Intel’s Photorealistic Simulator for Embodied AI

SPEAR, a new AI training framework, could make household robots more useful.

SPEAR enables embodied AI developers to operate robots in complex indoor environments through simulations. (Source: Intel.)

SPEAR enables embodied AI developers to operate robots in complex indoor environments through simulations. (Source: Intel.)

In an effort to develop a better way to train AI models for robotics, Intel has developed the Simulator for Photorealistic Embodied AI Research, or SPEAR.

Developed in collaboration with the Computer Vision Center in Spain, Chinese design platform provider Kujiale, and the Technical University of Munich, SPEAR is an open-source platform for realistic simulations that accelerates the training and validation of embodied AI systems in indoor areas and for digital twin applications. The platform is designed to boost the innovation and commercialization of household robotics, such as robotic vacuums or humanoid robots, by simulating various human-robot interaction scenarios.

Intel’s approach seeks to broaden the scope of existing interactive simulators that are limited in the diversity of interaction content they cover, their physical interaction capabilities and visual fidelity. SPEAR’s goal is to allow developers to train and validate embodied AI agents, or AI-based robots for a wider range of tasks and environments. Although the platform’s current content pack is suited for home environments, Intel plans to release additional content for industrial and health care spheres soon.
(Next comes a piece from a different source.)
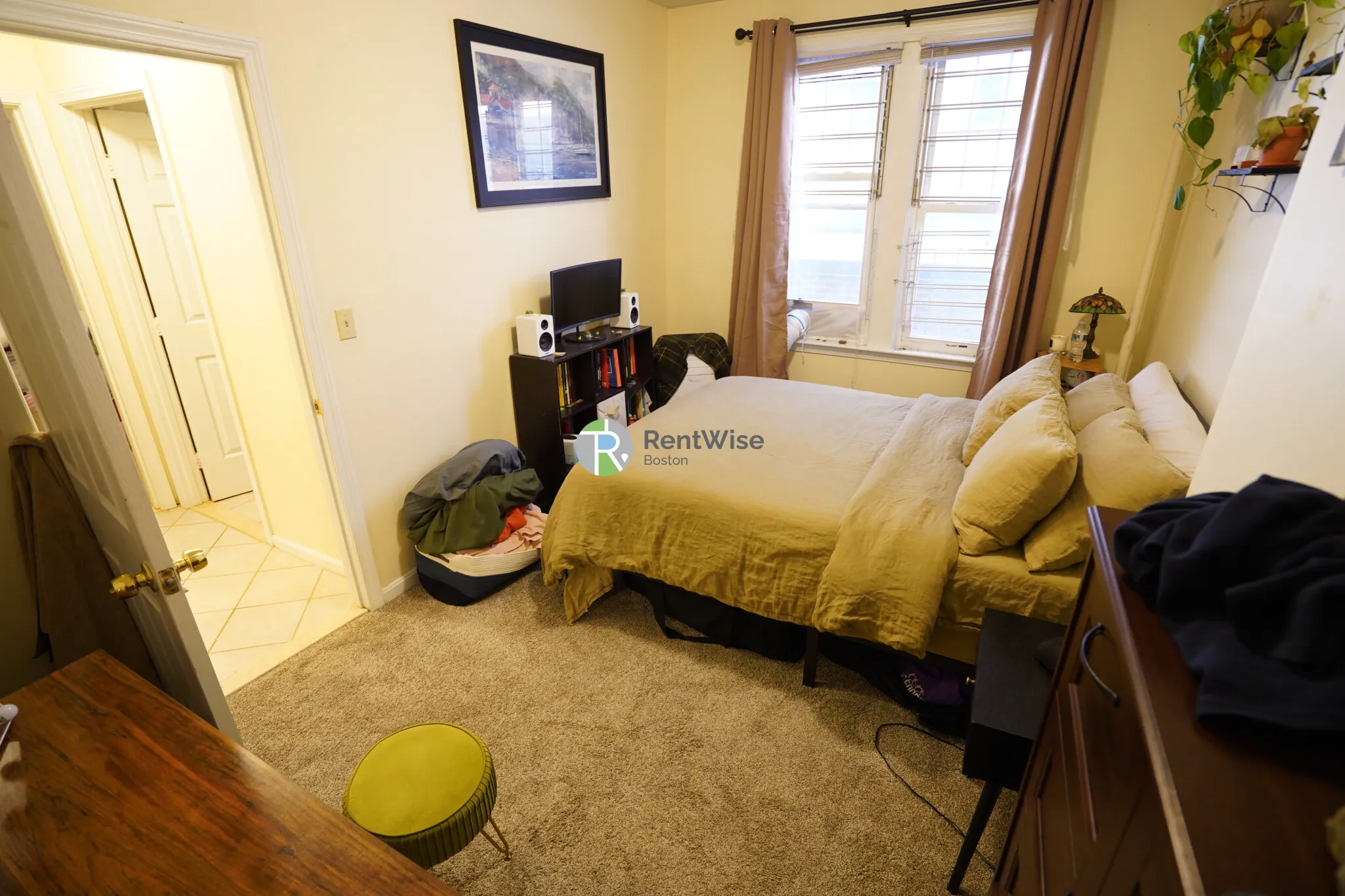 3 bed, 1 bath apartment for rent at 11 Lorraine Ter Unit 1, Brighton — photo 10 of 21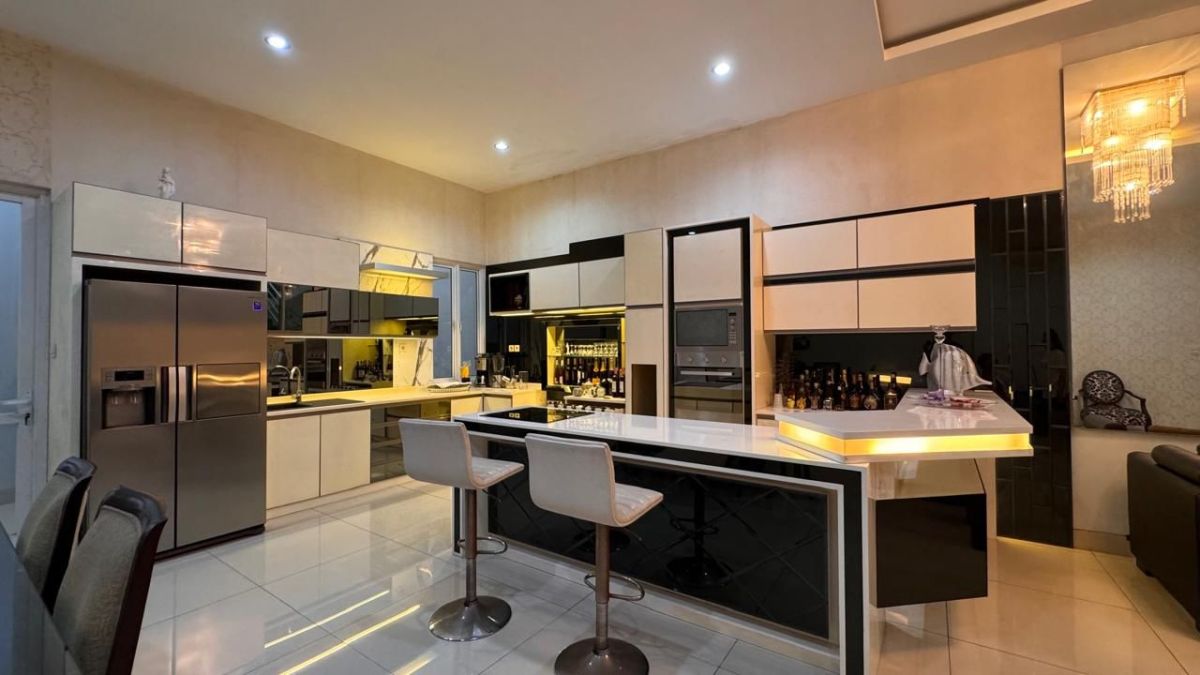 Turun Harga! Dijual Rumah Siap Huni di Pluit Kencana, Jakarta Utara - Foto 11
SPEAR required a team of professional artists to spend more than a year constructing a series of interactive environments. The platform’s starter pack features more than 300 virtual indoor environments, with over 2,500 rooms and 17,000 objects that can be individually manipulated. The environments include detailed geometries, photorealistic materials, and quality lighting representing realistic physical interactions.

SPEAR also supports a Point-Goal Navigation Task that computes a reward-driven navigational goal for an AI agent within an environment. It also supports a Freeform Task that provides data collection about an agent’s performance.

The physical world is complex, dynamic and constantly changing, which can be challenging for robots to effectively navigate. The most salient illustration of this is autonomous vehicles based on AI models that often have difficulty responding to novel, unexpected scenarios that human drivers can intuitively adapt to within seconds. In June, MIT researchers released an open-source photorealistic simulator that deploys realistic environments for AV training.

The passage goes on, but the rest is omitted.